O porta-voz do Ministério das Relações Exteriores do Irã, Ismail Baghaei, atribuiu o acordo também ao trabalho diplomático de Teerã, citando esforços multilaterais e encontros realizados fora da região. “Desde o início das negociações com várias partes regionais e internacionais, incluindo as negociações em Islamabad, a República Islâmica do Irã tem consistentemente enfatizado a necessidade imperativa de um cessar-fogo simultâneo em toda a região, inclusive no Líbano”
O governo do primeiro-ministro Benjamin Netanyahu vinha anunciando planos para ocupar o sul do Líbano até o Rio Litani, a cerca de 30 quilômetros da fronteira, e o premiê havia dado instruções para manter a ofensiva visando a cidade de Bent Jbel. Segundo o jornal israelense The Times of Israel, ministros receberam com surpresa o anúncio da trégua e houve relato de que Netanyahu concordou com ela a pedido do presidente dos Estados Unidos, Donald Trump, posição que motivou críticas da oposição por tratar-se de um acordo considerado imposto a Israel.
Um veículo israelense, o Ynet, publicou que um oficial militar declarou que as tropas permaneceriam no território libanês apesar do cessar-fogo, indicando que o cessar não implicará retirada imediata de forças em campo.

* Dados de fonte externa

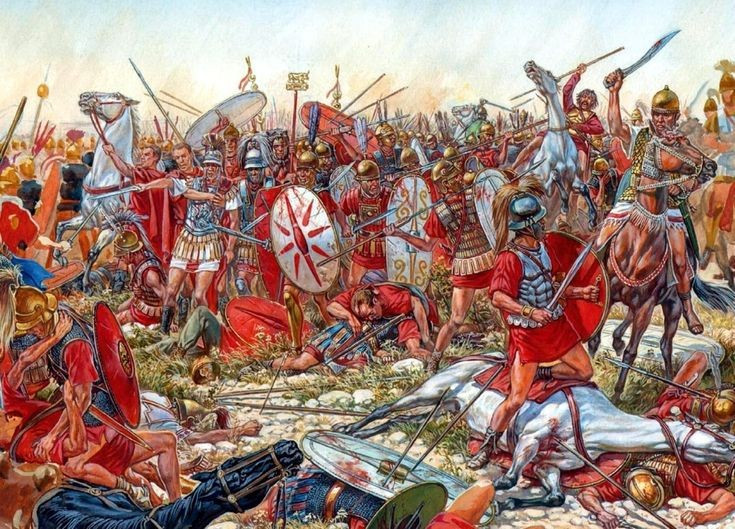 2. Quân La Mã áp đảo về số lượng. Người La Mã huy động khoảng 80.000 lính, gần gấp đôi quân Carthage của Hannibal, thể hiện quyết tâm tiêu diệt kẻ thù. Ảnh: Pinterest.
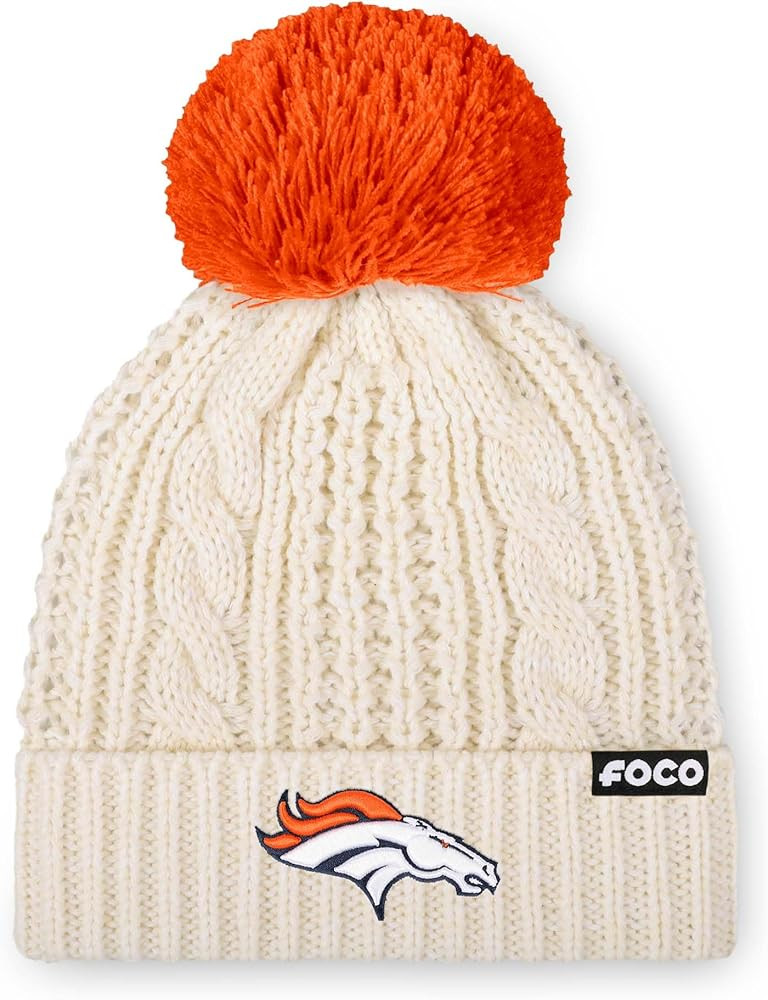 FOCO NFL Womens NFL Team Logo Cable Knit Pom Beanie Hat | Amazon (US)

Histórico e sequência dos acontecimentos
O atual ciclo de violência entre Israel e Hezbollah remonta a uma intensificação iniciada em outubro de 2023, quando o grupo xiita passou a atacar o norte de Israel em solidariedade à população palestina diante dos massacres na Faixa de Gaza. Em novembro de 2024, foi costurado um acordo de cessar-fogo entre o Hezbollah e Tel Aviv que, segundo relatos, não foi plenamente respeitado por Israel, que manteve ataques no Líbano.
Com o início da agressão contra o Irã em 28 de fevereiro deste ano, o Hezbollah retomou ofensivas contra Israel em resposta às violações reiteradas do cessar-fogo e também em retaliação ao assassinato do líder supremo do Irã, Ali Khamenei. No dia 8 de abril foi anunciado um cessar-fogo relativo à guerra contra o Irã, mas observadores registraram que Israel prosseguiu com ataques no Líbano, desrespeitando novamente acordos intermediados por terceiros, incluindo negociações em Islamabad e iniciativas com participação do Paquistão.
Teerã condicionou a continuidade das conversas com Washington à inclusão do Líbano na trégua, condição que, segundo autoridades iranianas, foi atendida antes da segunda rodada de negociações prevista para os próximos dias. Após o fim das batalhas, o Irã anunciou a reabertura do Estreito de Ormuz para navios comerciais, medida de relevo para o comércio marítimo regional.